Brisbane Show awards gold for olive oils
The gold medal winners in the 2010 Royal Queensland Food & Wine Show’s Olive Oil Competition were announced this week, with top honours going to products from WA, NSW and Victoria.
Table olives were in competition for the first time this year, alongside extra virgin olive oils and flavoured and infused oils. A total of 71 entrants from around Australia – 46 oils and 25 table varieties – yielded three gold medals, plus seven silver and 23 gold.
Best Olive Oil of Show went to Aminya Olive Oil, made from Correggiolo olives in Jingera, NSW, and exhibited by Tri Start Trading from Eastwood, Sydney.
A second gold medal went to Victoria’s Cobram Estate, with a Hojiblanca-variety oil.
The gold medal for Best Table Olive of Show was awarded to a Greek-style green Sevilano olive from Eagle Vale Olives, in Geraldton, WA.
The winners were chosen by Australian olive industry heavyweight Mrs Margi Kirkby, and guest judge, olive expert and chef/restauranteur Nino Zoccali, according to Australian Olive Association competition guidelines.
The judges rated essential characteristics like bitterness, pungency and fruit flavours, which reflect the oil’s quality, variety, growing climate, and most importantly the production process that made it.

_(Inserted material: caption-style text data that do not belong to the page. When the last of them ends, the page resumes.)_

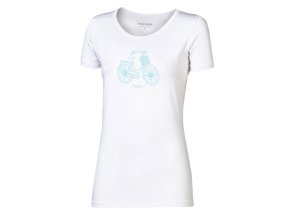 triko krátké dámské Progress SASA CITYBIKE bílé (Velikost L)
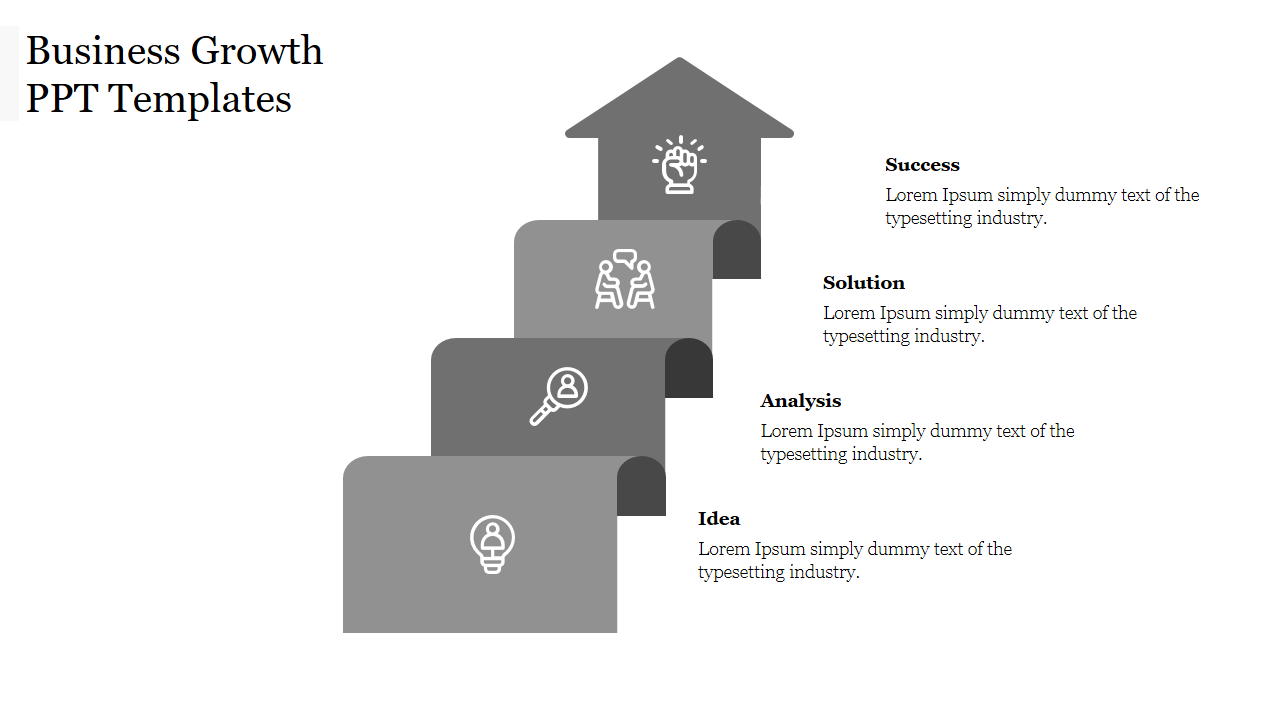 Attractive Business Growth PPT Template and Google Slides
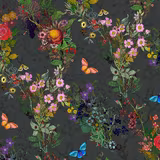 Bloomsbury Garden Wallpaper Barely Black fabric
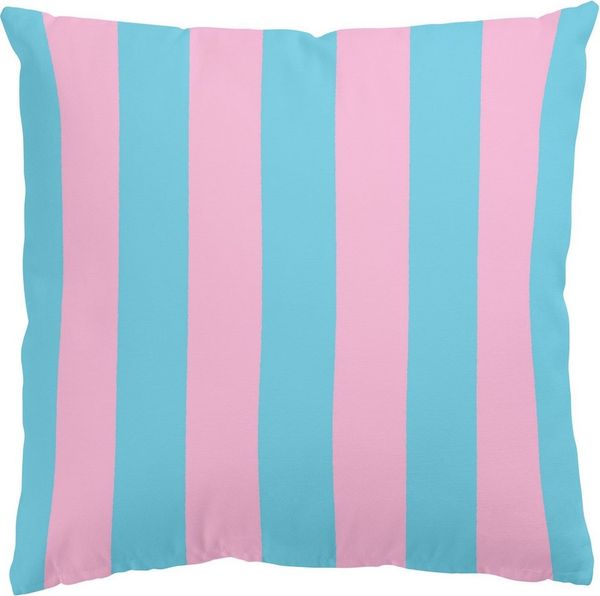Bilderdepot24 Dekokissen draußen Kissenhülle/ Garten/ Outdoorkissen blau Muster Pop Art, Bezug mit / ohne Füllung Zierkissen Outdoor Sofa Bett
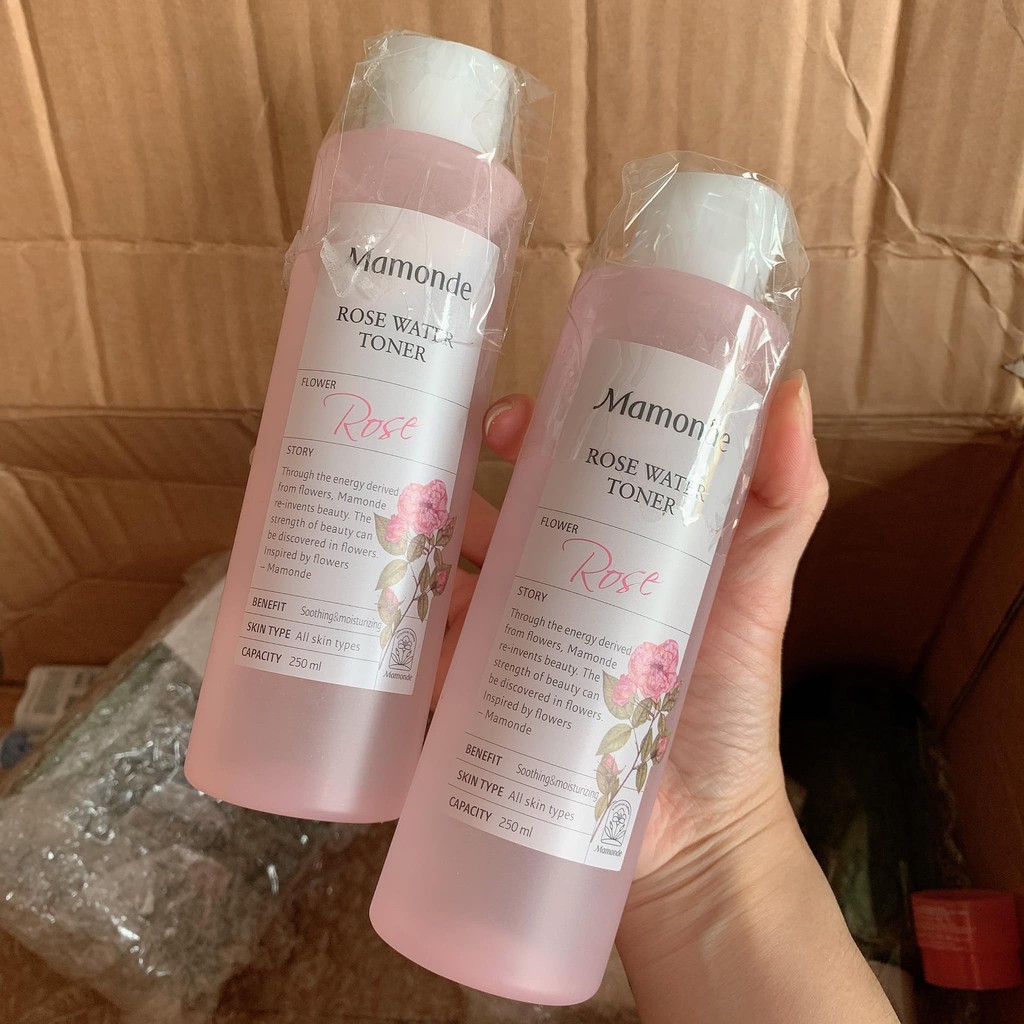 Nước Cân Bằng Mamonde Toner - Nước Hoa Hồng Mamonde Rose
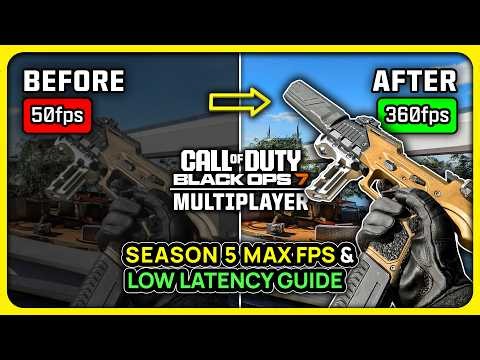 COD BO7 Multiplayer Season 5 - Best PC Settings for MAX FPS ✅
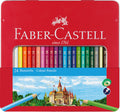 Faber-Castell Classic Colour Pencils, Assorted Colours, Tin of 24 MegaBDM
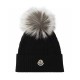 MONCLER Logo Patch Warm Cotton Knitted Hat MX1425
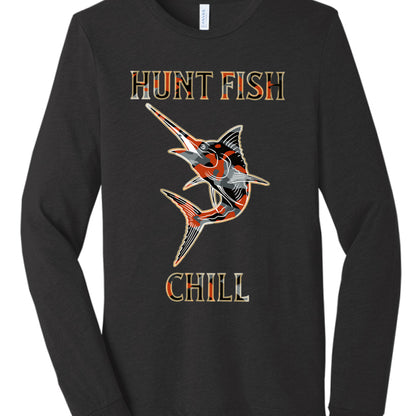 Black Heather Triblend - FRONT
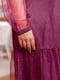 Сукня А-силуету кольору фуксії з блискітками | 6819663 | фото 2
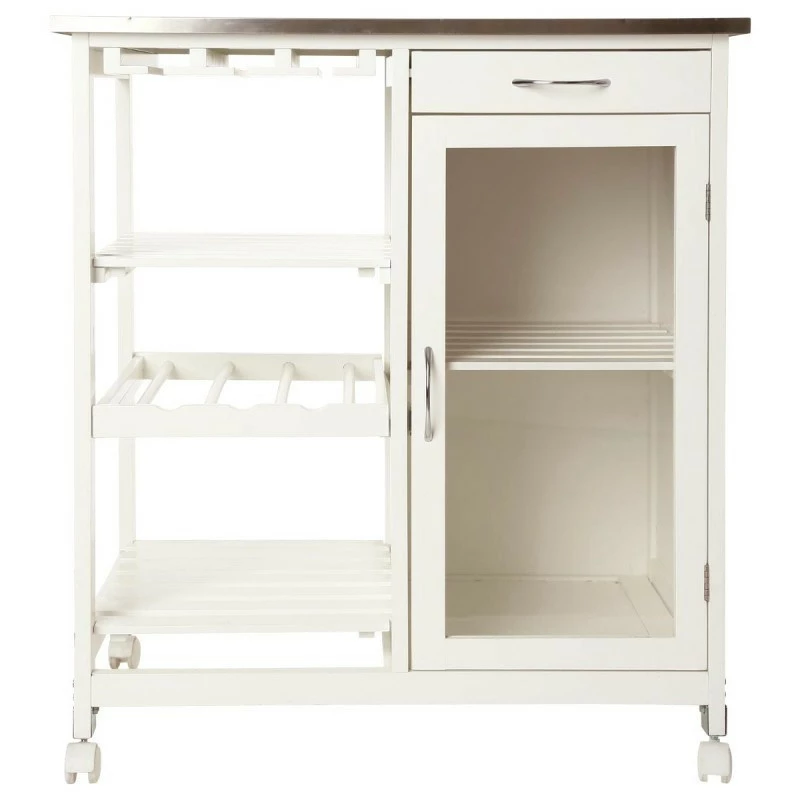 Desserte Grand Modèle Plateau En Inox 4 Desserte Grand Modèle Plateau En Inox – Image 2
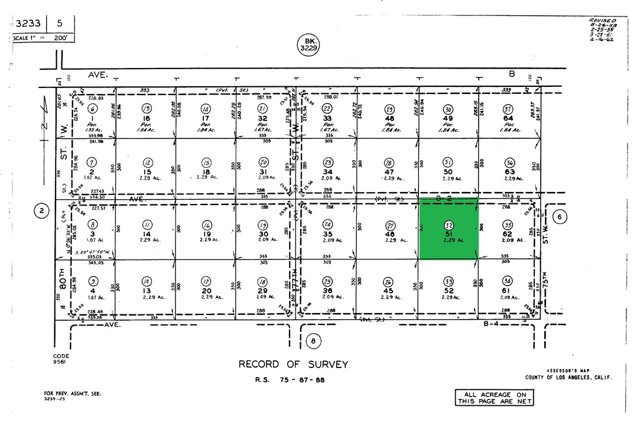 Detail Gallery Image 1 of 1 For 0 Avenue B2 76th West, Lancaster,  CA 93536 - – Beds | – Baths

All entries were produced from Australian olives harvested this year, which the judges declared a good year, better than last year’s harvest.
With many popular olive oils from Europe sold with the aid of agricultural subsidies, the judges said that local oils are much better value.
“The majority of Australian extra virgin olive oil is of a high quality compared to the rest of the world…about 95% of our production is extra virgin olive oil,” said Chief judge Margi Kirkby.
Zoccali felt that the gently extracted, first run extra virgin oil was the best, because “any processing kills character… you need those anti-oxidants to give the oil shelf life.”
The judges said that the development of the Australian olive industry was an exciting time, exploring varieties and technology.
“We’re all still learning. Olive judging is getting better in Australia. We’re different to Europe because of local conditions. The premium Italian industry is a boutique cottage industry, while we tend to be larger,” said Zoccali.